K-Means clustering is applied to classify components based on these features, grouping similar windows, doors, and structural elements for standardization and reuse.

According to the component definitions in Table 4.1, a component's height and width depend only on the component itself, while the spacing between components also depends on the component type and its position. Therefore, when classifying component information in this section, we treat components with similar heights and widths as the same class; components that share the same X coordinate are considered to be in the same row; and components that share the same Y coordinate are considered to be in the same column.

Because the height and width of different component types are significantly different in this work, the classification problem can be converted into a two-dimensional K-Means clustering process, where K denotes the number of desired component clusters and each data point's X and Y coordinates represent the component's H and W values respectively. First, the collected (H, W) information is stored as an N×2 NumPy array. Then we train a K-Means model (for example using scikit-learn or a custom script) which outputs K cluster centers and cluster labels — these centers represent the mean feature values for each component class.

For subsequently segmented components, we pass their (H, W) coordinates to the trained K-Means model's predict() function. The algorithm computes the Euclidean distance from the new point to each trained cluster center and assigns the point to the nearest cluster; the corresponding cluster label becomes the component's class. The pseudo-steps are: assemble (H, W) into an N×2 array, fit K-Means to obtain cluster centers and labels, then classify new components by calling predict() and using nearest-center assignment.

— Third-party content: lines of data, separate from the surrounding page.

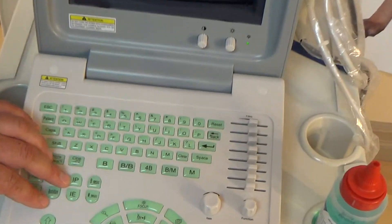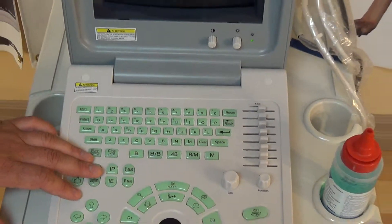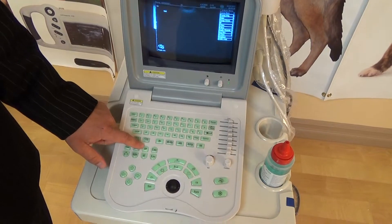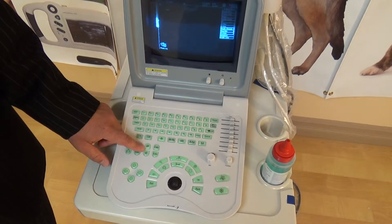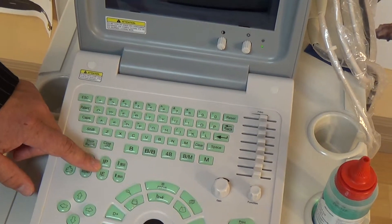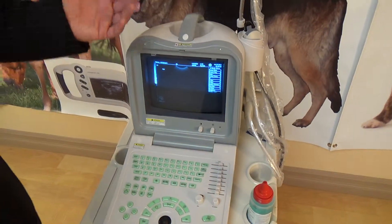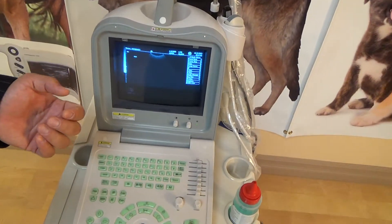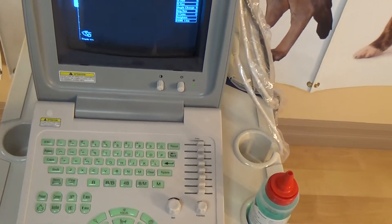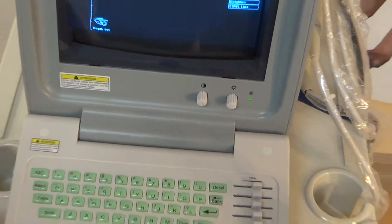Moving along, there are two buttons: IP and IE. Those are specifically related to the physics behind the ultrasound machine. IP stands for image post-processing and IE stands for image edge enhancement. The post-processing is how the machine does some of the physics calculations with the images it obtains, and the IE is how it overlays and adjusts the images. You don't have to worry about that, but some people who are very savvy with these machines like to play with those buttons.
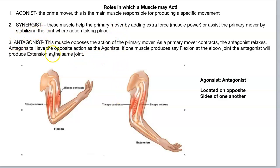An antagonist — this muscle or muscle group — opposes the action of the primary mover, whatever that action is. So, say a primary mover contracts; as the primary mover contracts, the antagonist has to relax. They have the opposite action of the agonist.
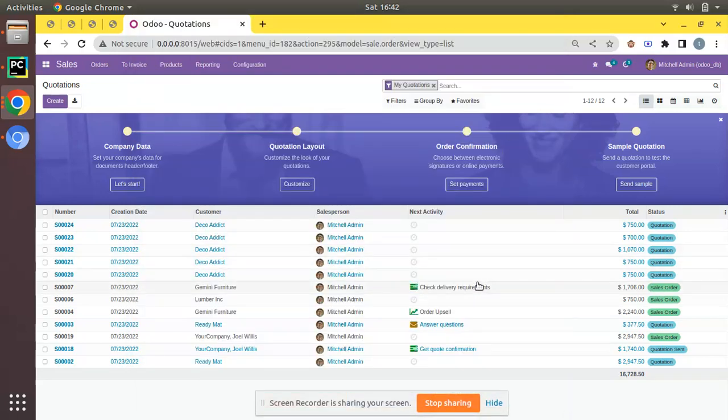Hello, good morning all. Today in this session we are going to discuss how to set a default terms and condition for a sale order or quotation in Odoo 15. Currently on the screen I have opened Odoo 15 Community Edition, and the same method you can apply in Odoo Enterprise Edition also.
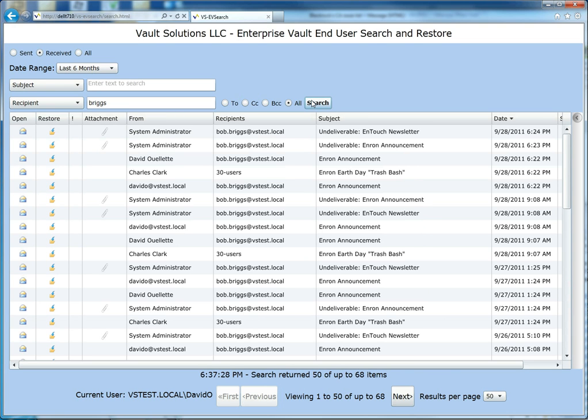So really, that's it. This has been the Enterprise Vault End-User Search and Restore product from Vault Solutions. Thank you very much.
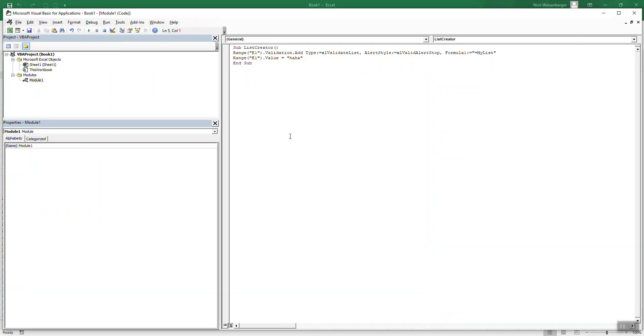So there you have it. That's all there is to it. That's how you make drop-down lists using a VBA macro in Excel. If you have any questions or comments feel free to comment below or email me. I hope that was helpful. Please subscribe and let me know what you want me to show you next.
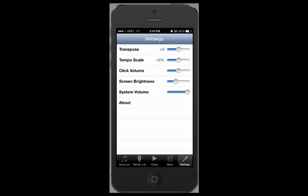Finally, in the settings tab, you have the ability to make temporary edits. You can transpose a song up or down, as well as adjusting the tempo. You also have the ability to adjust the click volume here, as well as screen brightness and system volume.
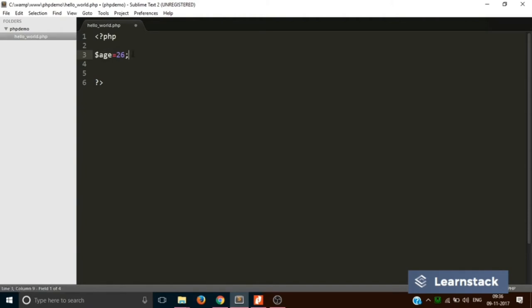Now if you want to print the value of age, you will just write echo $age semicolon. Just make sure you don't write it like this, otherwise it will print out $age as it is.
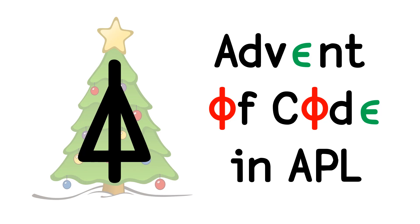Welcome to a Code Report Advent of Code solution walkthrough. My name is Conor Hoekstra, and in today's video, we're going to walk through Day 1, Problem A of the Advent of Code 2020 solution in APL.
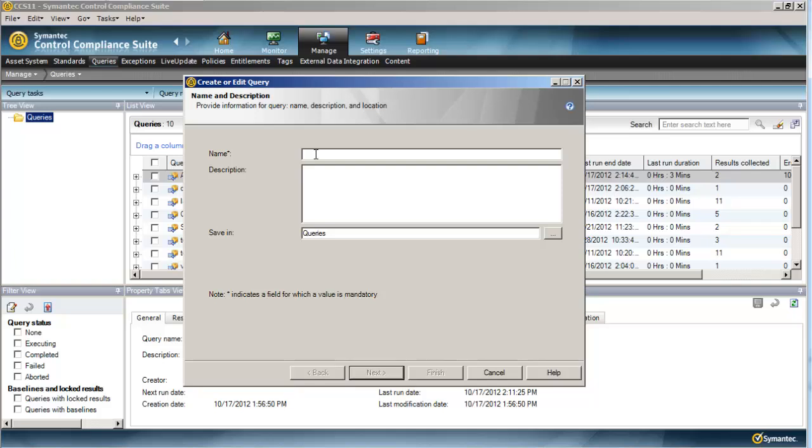So if a machine has not checked in with Active Directory in 60 days or more, it has not changed its machine password, and that's something we can check for, that machine will probably have fallen out of the domain.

Algorithm 1: K-Means-based Building Component Information Extraction and Classification
Input: Point cloud \(\mathcal{P}\) after facade or wall segmentation; aggregate cluster count \(K\) (expected number of component classes)
Output: Component classification result \(\mathcal{C}\); each component is assigned a class label.
Use CloudCompare's RANSAC plane detector to extract facade/wall plane point cloud \(\mathcal{P}_{facade}\);
Extract candidate components (characterized by height \(H\), width \(W\), and position \(P\)) from \(\mathcal{P}_{facade}\) using CloudCompare selection tools;
Store the collected \(N\) component (H, W) information as a NumPy 2D array \(\mathbf{D} \in \mathbb{R}^{N \times 2}\), where \(\mathbf{D}_{i,:} = [H_i, W_i]\);
Initialize K-Means model with cluster count \(K\);
Train K-Means model using component feature matrix \(\mathbf{D}\);
Obtain trained cluster centers \(\mathbf{C} \in \mathbb{R}^{K \times 2}\);
Obtain label vector for each training point \(\mathbf{L} \in \{1, 2, ..., K\}^N\);
Initialize component classification result \(\mathcal{C} = \emptyset\);
for \(i = 1\) to \(N\) do
Add the \(i\)-th component and its corresponding cluster label \(L_i\) to classification result \(\mathcal{C}\);
end for
while new components are detected do
Extract new component's features from the newly segmented facade (height \(H_{new}\), width \(W_{new}\), position \(P_{new}\));
Input new component features \([H_{new}, W_{new}]\) into the trained K-Means model's predict() function;
Obtain the new component's predicted cluster label \(L_{new}\);
Add the new component and its predicted cluster label \(L_{new}\) to classification result \(\mathcal{C}\);
end while
return \(\mathcal{C}\);

3.3 Component Regularization and Reuse

Clustering-based Regularization: Components with similar geometric properties are grouped and standardized to a representative prototype, enforcing consistency across the model.

ICP-based Component Reuse: The Iterative Closest Point algorithm aligns segmented component point clouds with templates from a semantic library. Missing or occluded components are completed by:

Detecting gaps in the building facade through semantic analysis
Matching expected component types based on surrounding context
Inserting and aligning template components using ICP registration
Refining boundaries with geometry-semantic constraints

ICP before — Figure 6a: Before ICP alignment.

ICP step 1 — Figure 6b: ICP intermediate alignment.

ICP final — Figure 6c: After ICP refined alignment.